Но Николай достаточно отчетливо представлял себе политическую историю прошлого века. Он знал, какую роль играла в ней дворянская, гвардейская инициатива. Ему отвратительна была сама мысль, чтоб судьбой престола распоряжался кто-то, кроме самих самодержцев. Он с брезгливостью и неодобрением относился к «звездному часу» дворянского авангарда, российской «славной революции» – перевороту 1762 года, удалившей и погубившей неспособного Петра III и вынесшего на трон великую Екатерину. В «Записной книжке» Вяземского есть замечательное сообщение на этот счет: «В Зимнем дворце находились картины (кажется, четыре), изображающие некоторые мгновения воцарения Екатерины II, как она явилась в Измайловский (кажется) полк. Николай I приказал повесить их там, где стоит его судно (рассказано очевидцем)».

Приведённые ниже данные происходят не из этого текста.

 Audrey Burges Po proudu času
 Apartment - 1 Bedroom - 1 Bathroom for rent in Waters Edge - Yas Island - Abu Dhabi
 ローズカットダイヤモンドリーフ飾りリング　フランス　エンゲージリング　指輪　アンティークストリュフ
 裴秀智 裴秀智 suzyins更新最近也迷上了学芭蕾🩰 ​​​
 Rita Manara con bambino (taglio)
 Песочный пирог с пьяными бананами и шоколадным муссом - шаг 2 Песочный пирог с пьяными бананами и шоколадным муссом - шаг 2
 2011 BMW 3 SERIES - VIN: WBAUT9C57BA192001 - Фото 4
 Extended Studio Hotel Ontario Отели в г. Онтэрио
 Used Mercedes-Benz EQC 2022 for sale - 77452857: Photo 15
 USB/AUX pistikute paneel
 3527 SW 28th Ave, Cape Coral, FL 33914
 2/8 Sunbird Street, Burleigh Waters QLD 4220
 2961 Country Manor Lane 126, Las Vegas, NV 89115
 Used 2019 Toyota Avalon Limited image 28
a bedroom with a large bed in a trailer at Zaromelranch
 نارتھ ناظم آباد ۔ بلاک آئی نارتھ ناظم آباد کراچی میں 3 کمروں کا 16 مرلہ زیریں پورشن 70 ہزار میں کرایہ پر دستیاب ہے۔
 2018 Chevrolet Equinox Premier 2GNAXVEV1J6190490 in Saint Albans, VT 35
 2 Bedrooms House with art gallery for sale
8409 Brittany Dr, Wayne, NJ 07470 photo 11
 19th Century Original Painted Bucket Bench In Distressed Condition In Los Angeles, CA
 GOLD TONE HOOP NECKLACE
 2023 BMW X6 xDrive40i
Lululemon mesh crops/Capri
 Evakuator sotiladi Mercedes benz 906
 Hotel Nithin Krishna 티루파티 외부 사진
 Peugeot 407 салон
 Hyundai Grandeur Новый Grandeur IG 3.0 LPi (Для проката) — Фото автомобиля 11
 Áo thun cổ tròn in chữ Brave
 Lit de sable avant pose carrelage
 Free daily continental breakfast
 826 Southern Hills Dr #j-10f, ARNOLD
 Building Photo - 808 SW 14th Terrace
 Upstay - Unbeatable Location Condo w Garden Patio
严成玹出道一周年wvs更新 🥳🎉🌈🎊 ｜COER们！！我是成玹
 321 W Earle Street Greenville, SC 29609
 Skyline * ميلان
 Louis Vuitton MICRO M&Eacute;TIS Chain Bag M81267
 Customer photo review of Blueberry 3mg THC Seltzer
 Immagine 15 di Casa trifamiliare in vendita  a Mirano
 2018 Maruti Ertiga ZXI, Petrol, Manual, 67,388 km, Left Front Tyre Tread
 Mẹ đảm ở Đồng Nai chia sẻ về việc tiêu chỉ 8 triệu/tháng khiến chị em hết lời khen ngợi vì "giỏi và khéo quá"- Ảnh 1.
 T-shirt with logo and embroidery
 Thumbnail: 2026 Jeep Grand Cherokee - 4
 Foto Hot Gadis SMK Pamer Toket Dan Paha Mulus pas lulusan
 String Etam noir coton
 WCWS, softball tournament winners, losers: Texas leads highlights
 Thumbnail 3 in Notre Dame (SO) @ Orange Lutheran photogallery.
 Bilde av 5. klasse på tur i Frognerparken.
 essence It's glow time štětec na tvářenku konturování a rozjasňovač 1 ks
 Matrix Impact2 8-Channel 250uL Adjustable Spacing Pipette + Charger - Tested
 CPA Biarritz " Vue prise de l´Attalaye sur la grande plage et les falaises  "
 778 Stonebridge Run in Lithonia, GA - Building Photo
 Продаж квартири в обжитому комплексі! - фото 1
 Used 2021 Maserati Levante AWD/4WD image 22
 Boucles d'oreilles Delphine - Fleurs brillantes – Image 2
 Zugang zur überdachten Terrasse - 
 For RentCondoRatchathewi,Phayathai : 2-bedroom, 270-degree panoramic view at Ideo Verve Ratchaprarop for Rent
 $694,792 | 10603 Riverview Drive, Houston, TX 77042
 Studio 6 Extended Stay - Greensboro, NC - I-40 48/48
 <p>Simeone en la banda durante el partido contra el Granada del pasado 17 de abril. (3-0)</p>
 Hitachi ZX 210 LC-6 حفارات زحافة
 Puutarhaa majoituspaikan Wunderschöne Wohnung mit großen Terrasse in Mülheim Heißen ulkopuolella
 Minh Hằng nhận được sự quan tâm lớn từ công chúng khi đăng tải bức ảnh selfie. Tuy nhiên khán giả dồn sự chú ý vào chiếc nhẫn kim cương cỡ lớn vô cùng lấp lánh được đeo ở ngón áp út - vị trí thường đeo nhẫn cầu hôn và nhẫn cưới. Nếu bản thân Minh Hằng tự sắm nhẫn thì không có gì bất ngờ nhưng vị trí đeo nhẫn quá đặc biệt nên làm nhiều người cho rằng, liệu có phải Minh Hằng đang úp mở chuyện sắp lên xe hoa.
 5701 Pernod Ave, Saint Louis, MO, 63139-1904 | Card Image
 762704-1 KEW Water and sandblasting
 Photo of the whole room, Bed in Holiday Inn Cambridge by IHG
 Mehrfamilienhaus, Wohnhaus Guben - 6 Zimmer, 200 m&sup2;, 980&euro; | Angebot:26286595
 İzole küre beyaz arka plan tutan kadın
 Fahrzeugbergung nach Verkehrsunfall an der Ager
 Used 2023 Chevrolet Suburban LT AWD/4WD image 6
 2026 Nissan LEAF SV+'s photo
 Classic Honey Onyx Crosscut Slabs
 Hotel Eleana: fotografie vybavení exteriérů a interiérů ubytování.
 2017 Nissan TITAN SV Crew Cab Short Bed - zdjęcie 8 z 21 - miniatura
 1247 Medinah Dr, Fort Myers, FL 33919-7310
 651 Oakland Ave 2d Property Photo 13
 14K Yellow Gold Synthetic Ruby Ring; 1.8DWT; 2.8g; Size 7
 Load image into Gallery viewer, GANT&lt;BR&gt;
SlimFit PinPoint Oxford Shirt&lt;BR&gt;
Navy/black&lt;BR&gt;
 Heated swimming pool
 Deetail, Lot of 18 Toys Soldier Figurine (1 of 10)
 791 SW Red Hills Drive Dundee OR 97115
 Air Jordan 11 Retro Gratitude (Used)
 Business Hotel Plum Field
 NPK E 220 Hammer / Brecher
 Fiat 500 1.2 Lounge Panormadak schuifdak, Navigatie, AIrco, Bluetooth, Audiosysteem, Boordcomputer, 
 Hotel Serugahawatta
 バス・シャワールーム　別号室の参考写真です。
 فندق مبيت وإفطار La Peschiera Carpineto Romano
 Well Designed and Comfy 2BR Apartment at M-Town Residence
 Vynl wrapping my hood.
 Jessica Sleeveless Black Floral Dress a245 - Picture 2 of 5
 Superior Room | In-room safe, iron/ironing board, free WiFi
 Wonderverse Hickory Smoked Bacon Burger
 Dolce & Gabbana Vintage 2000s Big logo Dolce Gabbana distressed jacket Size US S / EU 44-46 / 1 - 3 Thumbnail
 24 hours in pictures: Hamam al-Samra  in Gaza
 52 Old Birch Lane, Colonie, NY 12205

Картина переворота 1762 года: молодые гвардейцы, действовавшие под негласным покровительством либеральных вельмож – Паниных, Бецкого, Разумовского, – неминуемо вызывала в сознании императора внешне весьма схожую схему событий на Сенатской площади. Гвардейские перевороты, каждый раз приводившие к стремительной, хотя и кратковременной либерализации и всплеску конституционных надежд, не без оснований казались ему ступенями к страшному декабристскому заговору. В тридцатые годы его раздражало и правое, и левое дворянство, и он не всегда мог скрыть это. «В Н. Новгороде царь был очень суров и встретил дворянство очень немилостиво. Оно перетрусилось и не знало за что (ни я)», – записал Пушкин в дневнике в декабре 1834 года.

Уже ничто не могло победить недоверие императора к родовому дворянству. (Недаром в роте дворцовых гренадер, которую он сформировал после мятежа 14 декабря, все офицеры были выслужившиеся из солдат.)

Николай искал совсем других опор. Отвергнув проекты комитета 1826 года, он нащупывал совершенно иной путь стабилизации власти. И его идея вот-вот должна была найти стройное и крайне соблазнительное оформление в предложениях Сергия Семеновича Уварова.

Ударив по Уварову, баловню новой знати, сыну екатерининского любовника, зятю елизаветинского фаворита из певчих, и одновременно предлагая императору верность и усердие лучшего дворянства для необходимых реформ, Пушкин промахнулся.

Уваров точно попал в цель.

В разговоре с великим князем Пушкин сказал: «…что значит наше старинное дворянство с имениями, уничтоженными бесконечными раздроблениями, с просвещением, с ненавистию противу аристократии…» С просвещением… Он не был столь наивен, чтобы уповать на родовое дворянство вообще. «Русские баре не знают грамоте». Когда он говорил о дворянстве, он имел в виду лучшую, просвещенную его часть, способную заглянуть в будущие дни, понять грядущую опасность, поступиться жалкими внешними выгодами ради спасения и благоденствия России. Он говорил о дворянском авангарде.

Он говорил о нем в тридцатом году, говорил и в тридцать четвертом. Но на пороге года тридцать шестого, последнего года своей жизни, на вершине осознания близящихся катастроф, он потерял веру в тех, кто окружал его. Он мог надеяться на тех, кто придет завтра, – на родовое просвещенное дворянство сороковых и пятидесятых. Тех, кого надо было воспитывать сегодня.

Ибо «дряблый деспотизм», сумев нейтрализовать физически людей дворянского авангарда, отравил сознание и расслабил волю дворянского большинства.